„Ja, zwykły, szary człowiek, taki jak wy, wzywam was wszystkich – nie czekajcie dłużej. Trzeba zmienić tę władzę jak najszybciej, zanim doszczętnie zniszczy nasz kraj; zanim całkowicie pozbawi nas wolności”. – Piotr Szczęsny, "szary człowiek" (19.10.2017)
Funkcje ustawodawcze i wykonawcze przejmuje wódz, który łączy różnorakie stanowiska znane z państw demokratycznych: prezydenta, premiera, zwierzchnika sił zbrojnych oraz głównodowodzącego. Władzę tę sprawuje nie bezpośrednio, ale przez swoich przedstawicieli. W ten sam sposób podlega mu szeroki aparat policyjno-kontrolny i propagandowy. W państwie wszystkie stanowiska, zarówno te najniższego, jak i najwyższego szczebla, obsadzane są członkami zaplecza politycznego wodza, czyli jedynej partii sprawującej władzę.
Nie mam wyjścia i moje werble grają dalej…
19 listopada 2016 roku, w Łagiewnikach uroczystość intronizacji Jezusa na Króla Polski…
Udział w uroczystości wziął sam prezydent Andrzej Duda i premier rządu Beata Szydło. Tak wygląda notatka prasowa. Warto zaznaczyć, że Episkopat w marcu 2008 roku twierdził, że ogłaszanie Chrystusa Królem Polski jest „niewłaściwe i niepotrzebne”, a w 2012 r. uważali jeszcze, że „nie trzeba Chrystusa ogłaszać Królem, wprowadzać Go na tron”. Ale potem biskupi zmienili zdanie.
To ukoronowanie związków rządu i kościoła, które nie zasadzają się na wierze, miłości, czy nienawiści, ale współzależności i swoistego rządu dusz. Taki specyficzny mariaż tronu i ołtarza.
O co w nim chodzi?
Przypomniało mi się zdanie, jakie swego czasu wypowiedział Benito Mussolini. Wypowiedział je w momencie tworzenia państwa faszystowskiego: „państwo faszystowskie, najwyższa i najpotężniejsza forma osobowości, jest siłą, ale siłą duchową”. Myślę, że to o tę „siłę duchową” chodzi.
Związki Kościoła z faszyzmem niezwykle wprost opisuje w swojej pracy „Papież i Mussolini” David Kertzer, a kluczową w niej sprawą jest współzależność i rząd dusz. Mimo różnic Pius XI i Benito Musollini mieli cechy wspólne: obaj domagali się bezwarunkowego posłuszeństwa i wywoływali u swoich podwładnych strach. Dygresja, ale dająca wiele do myślenia, kiedy nałożymy tamtą sytuację na tę dziejącą się teraz w Polsce, oczywiście uwzględniając wszelkie różnice.
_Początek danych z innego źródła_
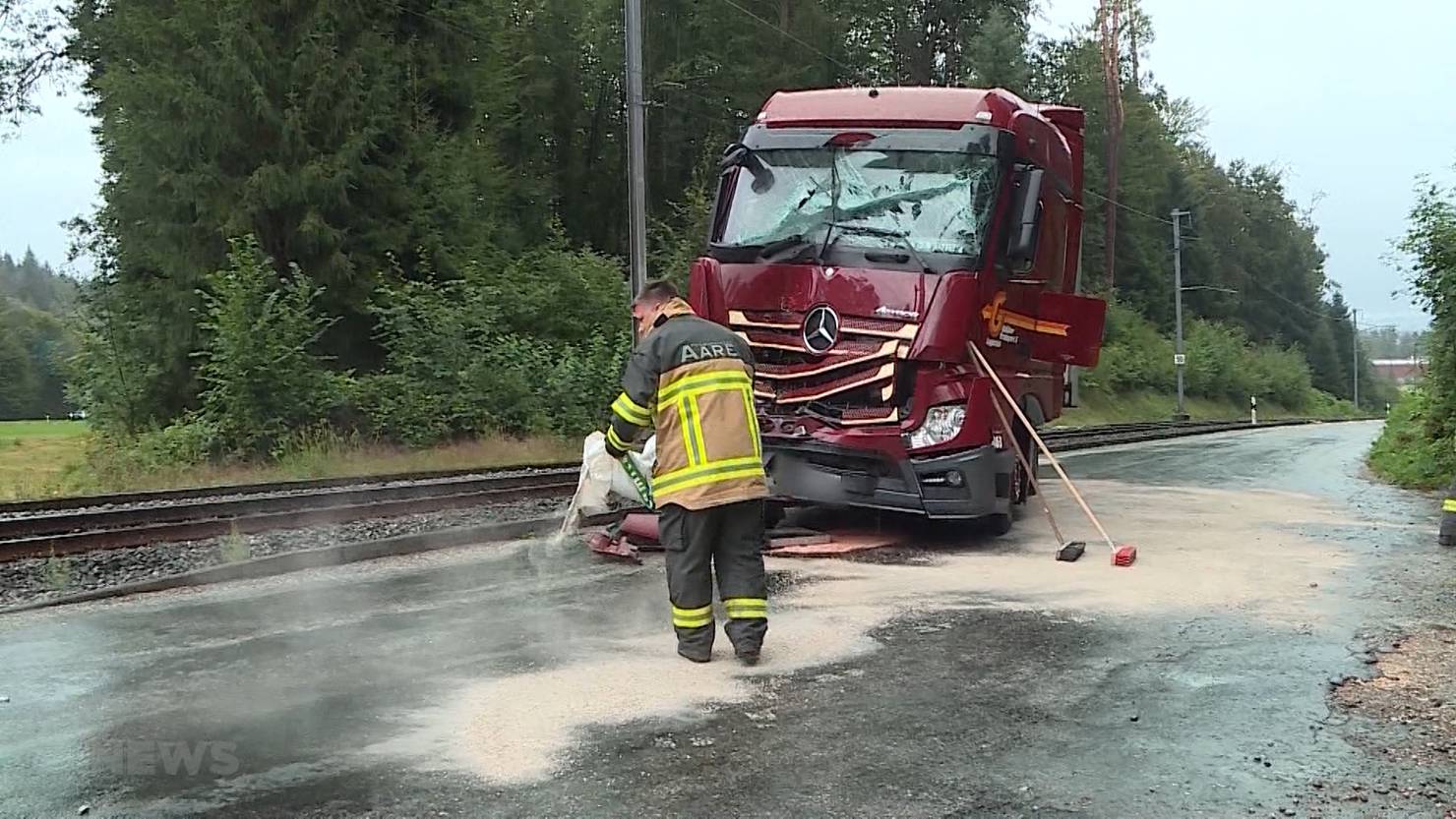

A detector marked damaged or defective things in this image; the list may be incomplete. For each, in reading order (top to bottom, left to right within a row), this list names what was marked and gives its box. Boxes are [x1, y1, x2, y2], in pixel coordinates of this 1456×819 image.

shattered windshield [719, 147, 1001, 263]
damaged truck front [690, 88, 1100, 532]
Wróćmy do teraźniejszości. Komentatorzy często porównują to, co się teraz dzieje, do powrotu do czasów sprzed roku 1989. Mam odmienne zdanie. To nie jest powrót, a tworzenie państwa, które będzie szło „trzecią drogą”. Drogą idącą w opozycji do liberalnej demokracji.
Państwo to będzie się charakteryzować dyktatorskim sprawowaniem władzy, którego podporą jest monopartyjny system parlamentarny, a partie opozycyjne mają charakter fasadowy. Funkcje ustawodawcze i wykonawcze przejmuje wódz, który łączy różnorakie stanowiska znane z państw demokratycznych: prezydenta, premiera, zwierzchnika sił zbrojnych oraz głównodowodzącego. Władzę tę sprawuje nie bezpośrednio, ale przez swoich przedstawicieli. W ten sam sposób podlega mu szeroki aparat policyjno-kontrolny i propagandowy. W państwie wszystkie stanowiska, zarówno te najniższego, jak i najwyższego szczebla, obsadzane są członkami zaplecza politycznego wodza, czyli jedynej partii sprawującej władzę. Problemem mogą być sądy, ale wcale nie potrzeba wiele, by stały się one narzędziem w ręku wodza. Wystarczy reforma, podobnie jak w innych sferach życia, choćby nawet takich jak szkolnictwo i już jest możliwe władztwo nad nimi.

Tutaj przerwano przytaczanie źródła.